India’s insurance market is becoming increasingly competitive, creating opportunities for businesses to secure broader coverage, higher policy limits and more favourable terms, according to findings from Aon plc’s 2026 Global Insurance Market Insights report.
The report said recent regulatory reforms, including higher foreign direct investment (FDI) limits and relaxed governance requirements, are making India’s insurance sector more attractive to international insurers and reinsurers.
With new market participants entering and reinsurance capacity expanding, competition has intensified, resulting in lower pricing and more flexible coverage across multiple insurance lines. “India presents a compelling growth opportunity for insurers, driven by regulatory reform, expanding reinsurance capacity and increased competition,” said Sushant Sarin, Managing Director and Head of Commercial Risk, India at Aon.
“As market conditions remain favourable, clients have an opportunity to optimise their insurance programmes by securing broader coverage and higher limits while strengthening resilience against emerging risks,” Sarin added.
According to the report, insurers continue to reduce premiums across most segments. Double-digit price declines have been recorded in property, directors and officers, and cyber insurance while casualty and automobile insurance lines are witnessing more moderate reductions.

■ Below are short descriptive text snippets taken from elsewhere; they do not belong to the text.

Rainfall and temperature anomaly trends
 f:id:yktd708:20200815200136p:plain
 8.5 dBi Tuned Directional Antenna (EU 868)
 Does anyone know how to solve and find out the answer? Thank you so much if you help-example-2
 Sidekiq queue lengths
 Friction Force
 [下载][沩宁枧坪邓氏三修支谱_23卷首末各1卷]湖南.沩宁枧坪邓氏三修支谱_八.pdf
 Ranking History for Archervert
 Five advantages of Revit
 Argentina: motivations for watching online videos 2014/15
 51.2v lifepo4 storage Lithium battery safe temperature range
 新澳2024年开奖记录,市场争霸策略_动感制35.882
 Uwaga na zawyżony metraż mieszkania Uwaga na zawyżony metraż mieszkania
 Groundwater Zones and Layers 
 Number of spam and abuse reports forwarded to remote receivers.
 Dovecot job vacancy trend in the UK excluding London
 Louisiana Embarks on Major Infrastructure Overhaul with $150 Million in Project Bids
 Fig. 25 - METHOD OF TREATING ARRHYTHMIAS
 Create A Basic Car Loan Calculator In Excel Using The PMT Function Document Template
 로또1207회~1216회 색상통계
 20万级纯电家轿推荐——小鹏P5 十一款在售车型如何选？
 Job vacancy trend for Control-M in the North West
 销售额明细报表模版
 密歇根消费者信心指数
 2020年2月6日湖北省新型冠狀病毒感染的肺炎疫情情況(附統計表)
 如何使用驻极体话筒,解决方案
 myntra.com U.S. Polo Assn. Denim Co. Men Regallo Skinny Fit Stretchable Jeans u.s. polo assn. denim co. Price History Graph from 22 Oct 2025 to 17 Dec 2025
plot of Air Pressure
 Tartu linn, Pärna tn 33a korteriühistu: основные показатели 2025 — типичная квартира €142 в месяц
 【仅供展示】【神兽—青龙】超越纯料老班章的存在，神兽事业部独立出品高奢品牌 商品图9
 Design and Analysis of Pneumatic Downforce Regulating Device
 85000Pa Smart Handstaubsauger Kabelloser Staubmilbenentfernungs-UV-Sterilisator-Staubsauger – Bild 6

The report noted that insurance capacity remains abundant as both insurers and reinsurers expand their underwriting appetite. Growth in financial hubs such as Gujarat International Finance Tec-City (GIFT City) has also attracted domestic and international players, further strengthening market depth.
At the same time, insurers are becoming more selective in underwriting. While market conditions remain broadly flexible, providers are adopting greater discipline in casualty and D&O segments and maintaining tighter standards in cyber insurance as claims activity increases.
Aon said Indian businesses are increasingly using the favourable market environment to improve their risk management profile. Higher policy limits are becoming more widely available and broader coverage is being offered across most lines, although insurers remain more cautious in cyber insurance.
Demand for liability and cyber insurance solutions is also rising as organisations respond to emerging and evolving business risks.
“Clients are increasingly moving beyond price and taking a more strategic approach to insurance purchasing,” said Shantanoo Saxena, Chief Broking Officer, India at Aon. “This includes reinvesting savings into improved coverage, higher limits and programme structures aligned with evolving risk exposures,” Saxena added.